Assignment: Below are records that hold pictures; write out only the lines from their start through the line with "Koko Baju Koko", exactly, and drop the pictures.

━━━━━━

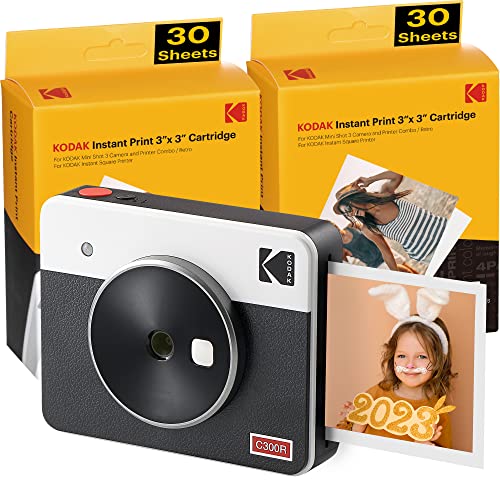 Kodak Mini Shot 3 Retro (60 Sheets) 3x3 2-in-1 Portable Wireless Instant Camera & Photo Printer, Compatible with iOS, Android & Bluetooth, Real Photo HD, 4PASS Technology & Laminated Finish – White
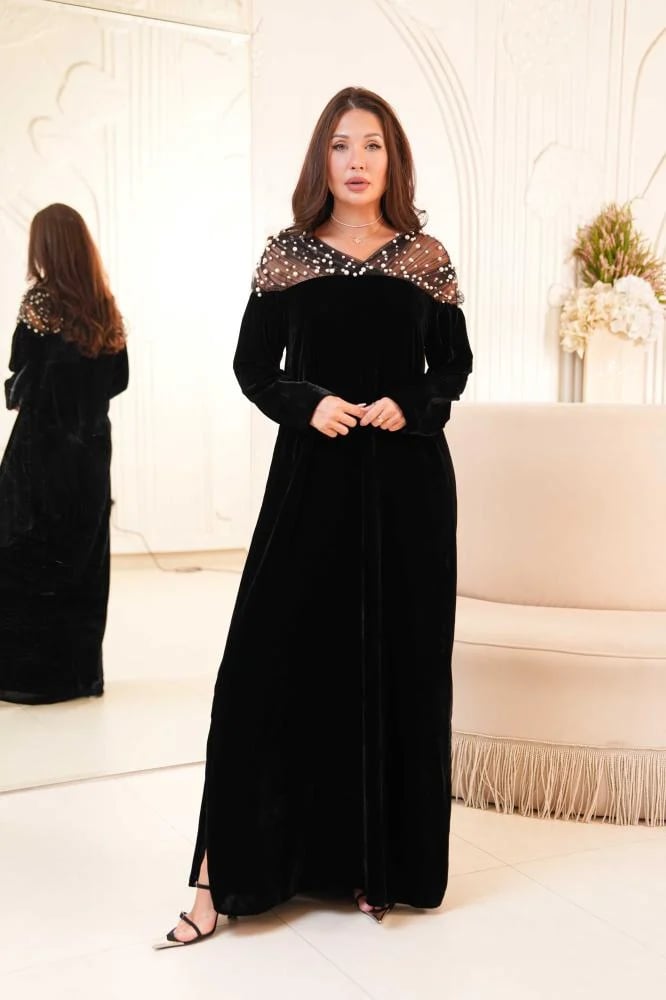 Obsidian Pearl Draped Dress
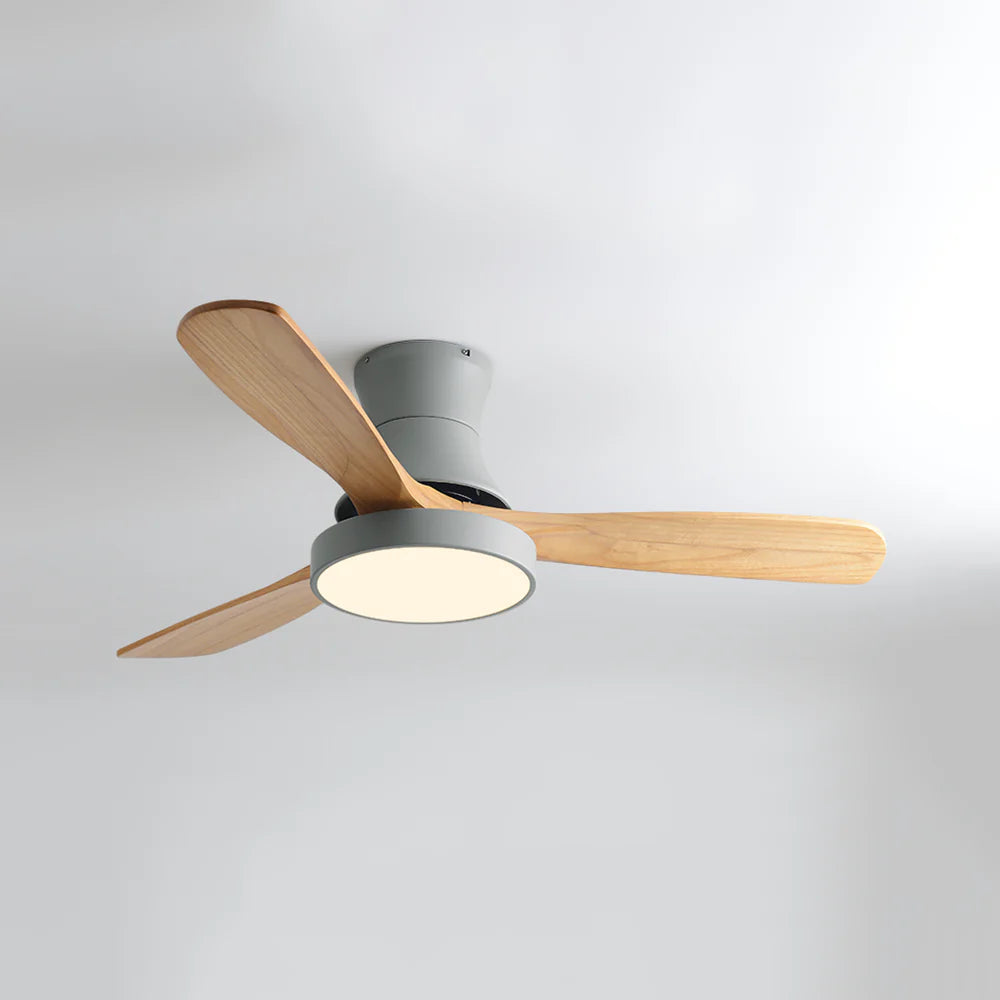 Hugger Wood Blade Ceiling Fan Lamp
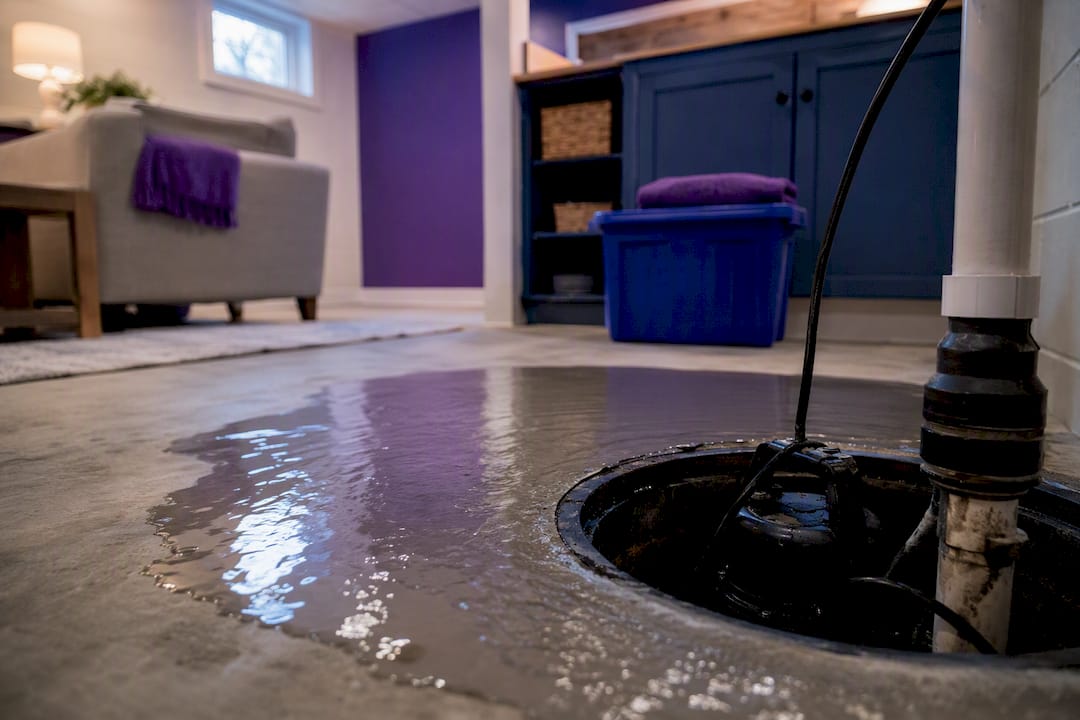 Basement sump pit with water damage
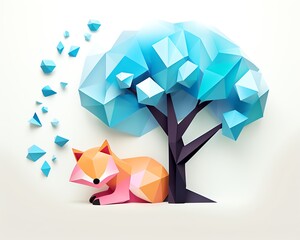 A low poly illustration of a fox sleeping under a tree made of blue crystals.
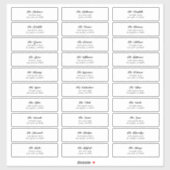 30個のブラックスクリプトゲストエンベロープのアドレス シール (シート)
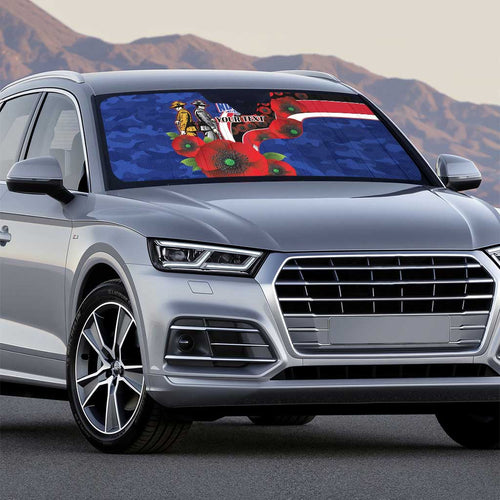 North Kangaroos ANZAC Personalised Auto Sun Shade Lest We Forget Poppy Camo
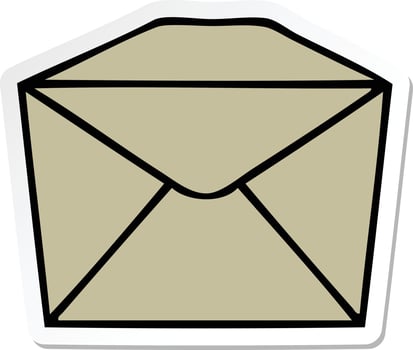 sticker of a quirky hand drawn cartoon parcel vector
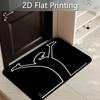 1pc Black Background Easy Line Drawing of Falling Person Fun Line Print Doormat, Non-Slip And Machine Washable Large Size Floor Mat, Indoor Flannel Ca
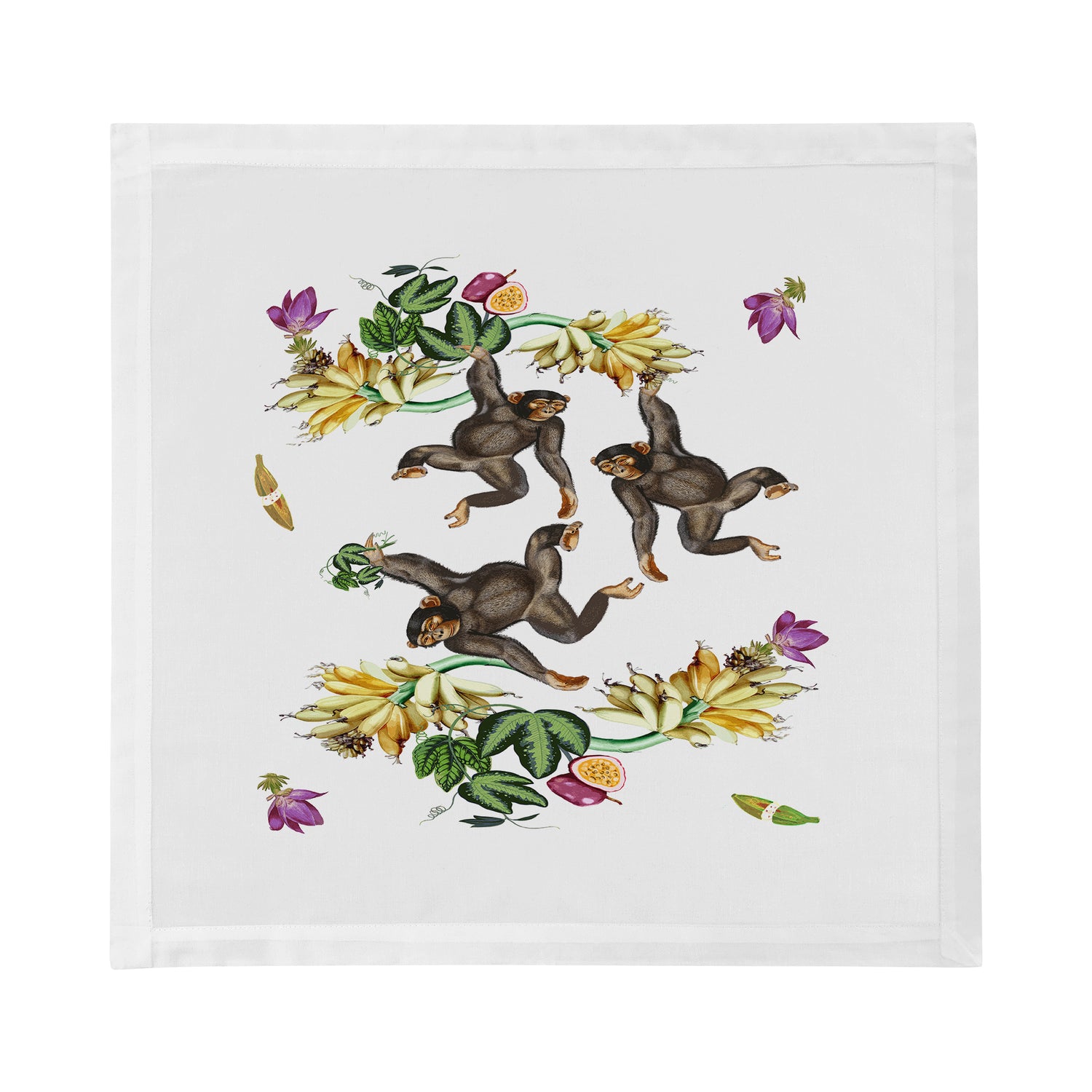 Swinging Monkeys Cotton Sateen Dinner Napkins - nicolettemayer.com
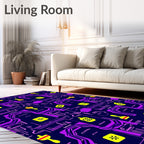 Abstract Purple Yellow Neon Circuit Rug
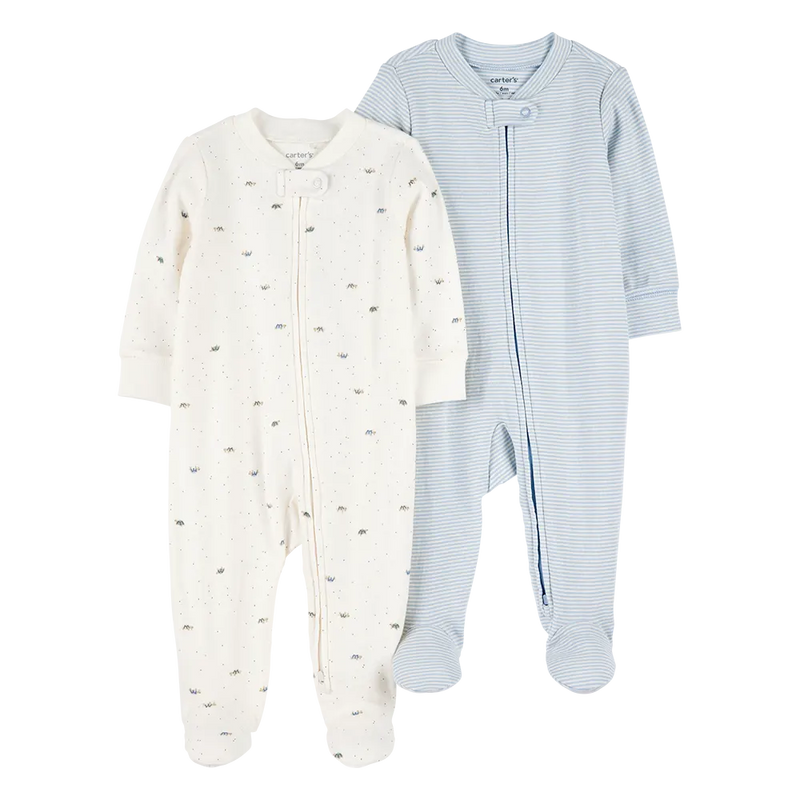 Lot de 2 Grenouillères en Coton Zippés Bébé Garçon Carter's - Bleu & Blanc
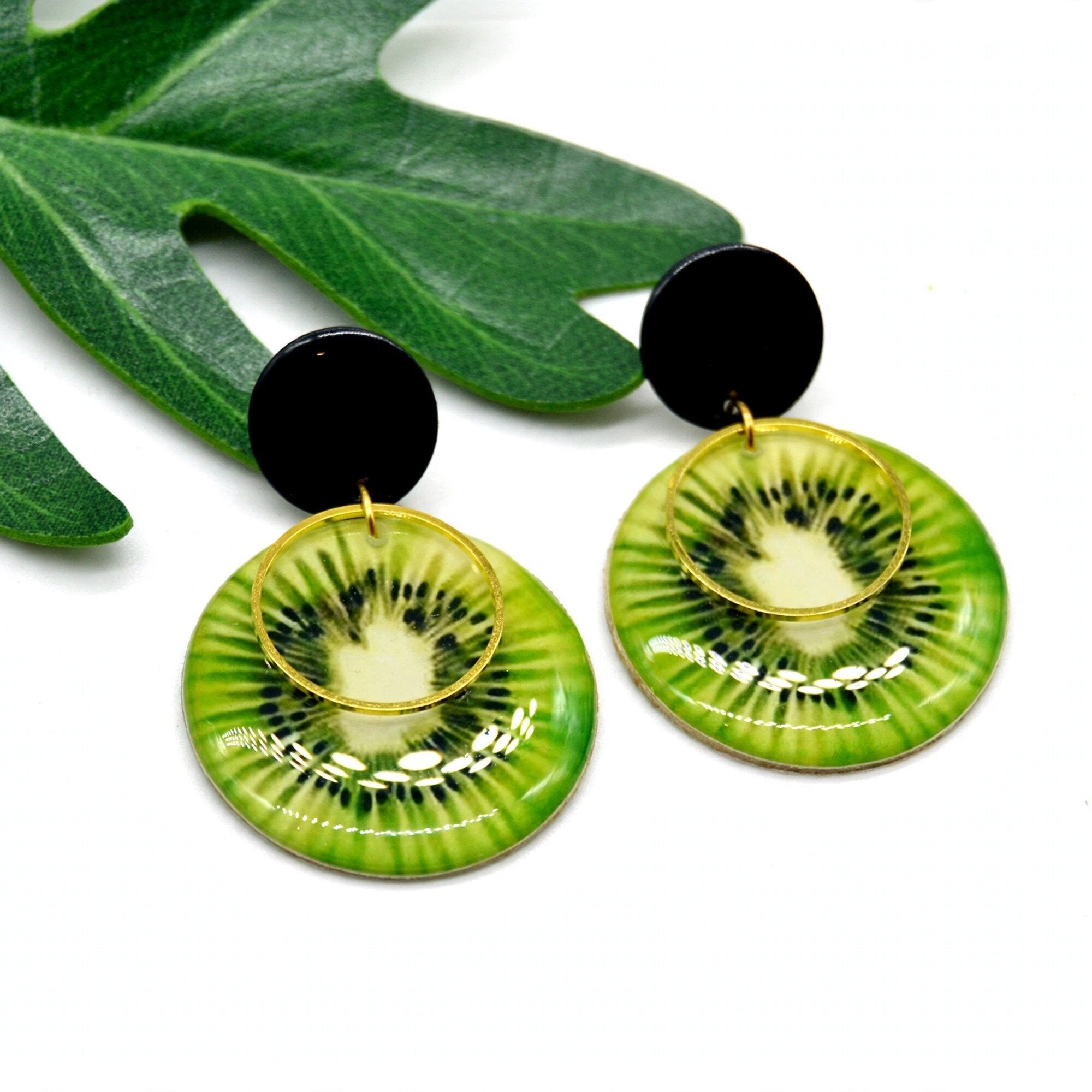 Boucles d'oreilles kiwi vert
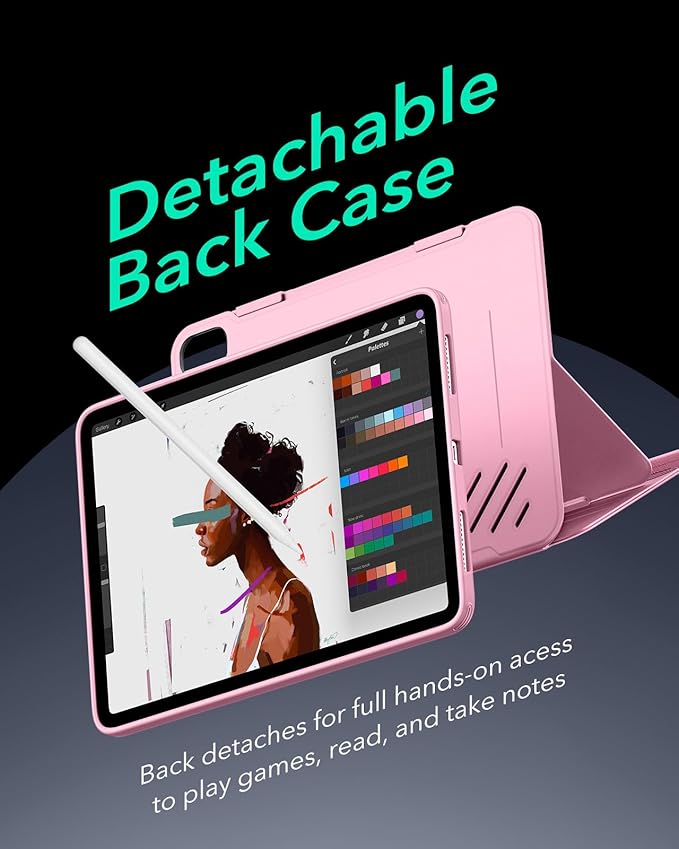 ESR for iPad Air 11 Inch Case M4/M3/M2 (2026/2025/2024) iPad Air 5th/4th Gen Case (2022/2020) 10.9 Inch Removable Magnetic Cover Adjustable Portrait/Landscape Stand 9 Standing Angles Pink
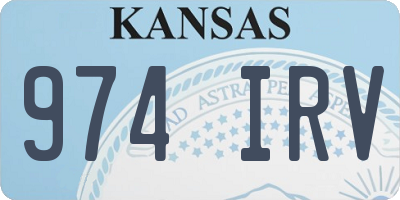 KS license plate 974IRV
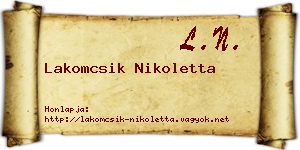 Lakomcsik Nikoletta névjegykártya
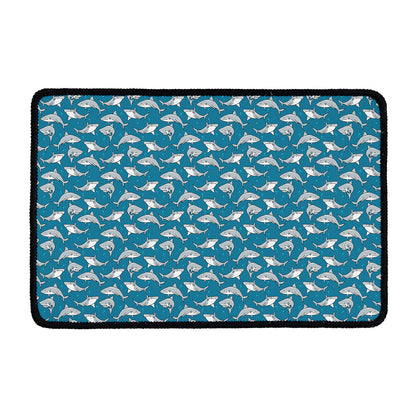 Cartoon White Shark Pattern Print Kitchen Mat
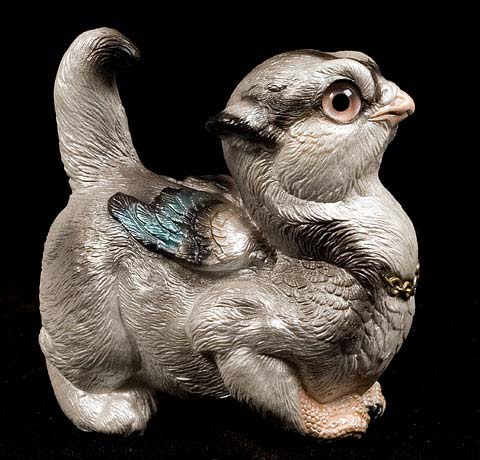 Silver Pearl Crouching Griffin Chick by Windstone Editions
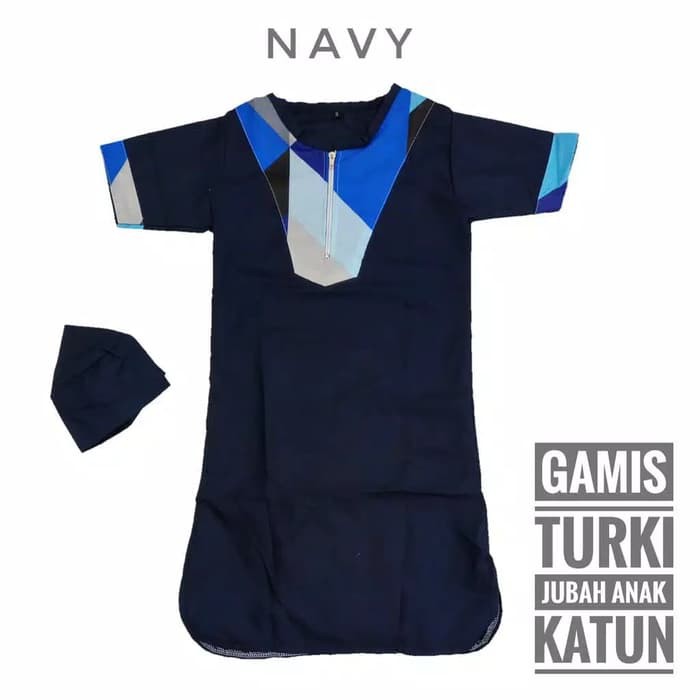 Koko Baju Koko Anak Motif Abu Navy Seragam Hadroh Baju Hadroh 2808BE Size Xl 4-5 Tahun Jubah Koko Tu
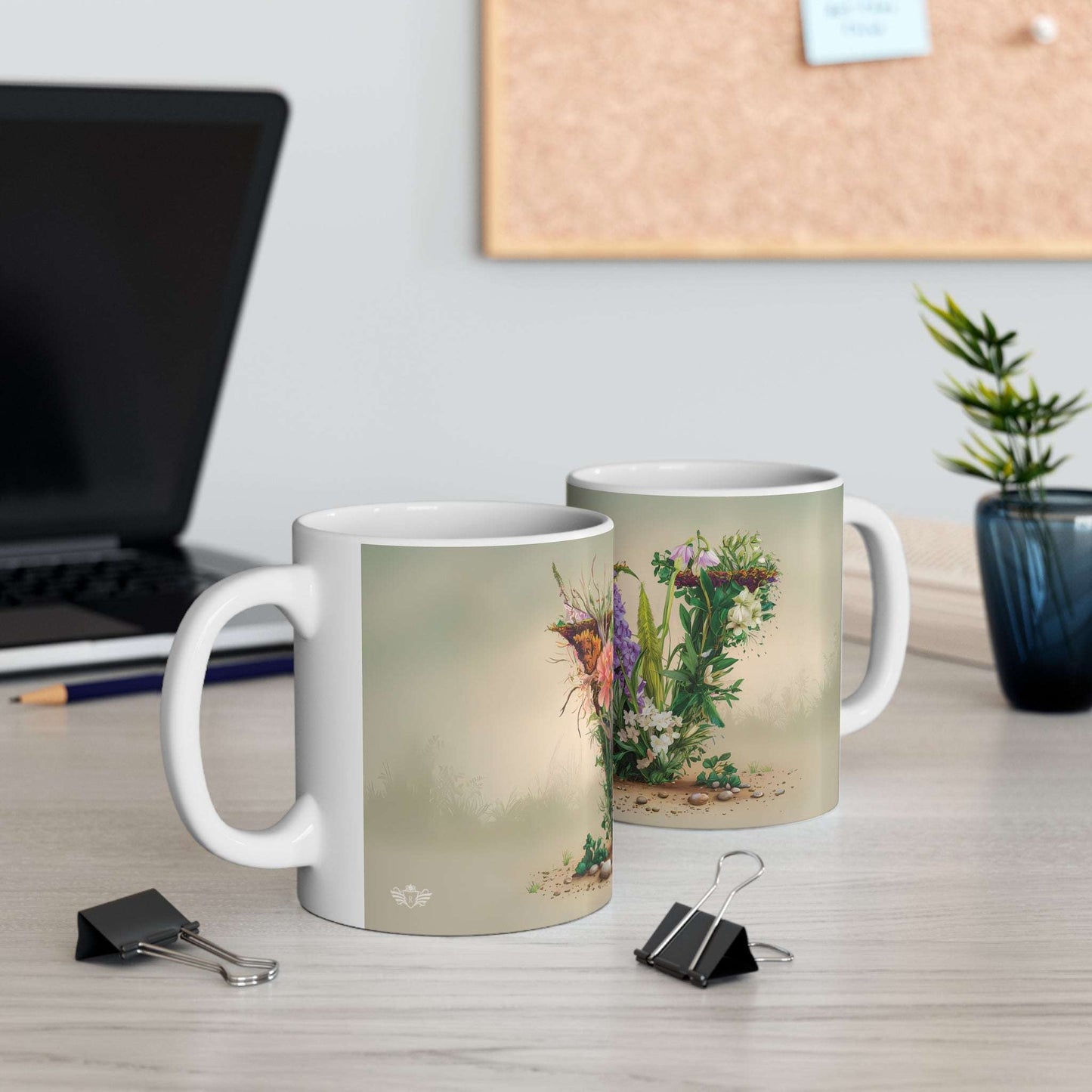 Flower Fantasy Ceramic Mug with Letter W - 06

━━━━━━

Response:
 Kodak Mini Shot 3 Retro (60 Sheets) 3x3 2-in-1 Portable Wireless Instant Camera & Photo Printer, Compatible with iOS, Android & Bluetooth, Real Photo HD, 4PASS Technology & Laminated Finish – White
 Obsidian Pearl Draped Dress
 Hugger Wood Blade Ceiling Fan Lamp
 Basement sump pit with water damage
 A low poly illustration of a fox sleeping under a tree made of blue crystals.
 30個のブラックスクリプトゲストエンベロープのアドレス シール (シート)
 North Kangaroos ANZAC Personalised Auto Sun Shade Lest We Forget Poppy Camo
 sticker of a quirky hand drawn cartoon parcel vector
 1pc Black Background Easy Line Drawing of Falling Person Fun Line Print Doormat, Non-Slip And Machine Washable Large Size Floor Mat, Indoor Flannel Ca
 Swinging Monkeys Cotton Sateen Dinner Napkins - nicolettemayer.com
 Abstract Purple Yellow Neon Circuit Rug
 Lot de 2 Grenouillères en Coton Zippés Bébé Garçon Carter's - Bleu & Blanc
 Boucles d'oreilles kiwi vert
 ESR for iPad Air 11 Inch Case M4/M3/M2 (2026/2025/2024) iPad Air 5th/4th Gen Case (2022/2020) 10.9 Inch Removable Magnetic Cover Adjustable Portrait/Landscape Stand 9 Standing Angles Pink
 KS license plate 974IRV
 Lakomcsik Nikoletta névjegykártya
 Cartoon White Shark Pattern Print Kitchen Mat
 Silver Pearl Crouching Griffin Chick by Windstone Editions
 Koko Baju Koko Anak Motif Abu Navy Seragam Hadroh Baju Hadroh 2808BE Size Xl 4-5 Tahun Jubah Koko Tu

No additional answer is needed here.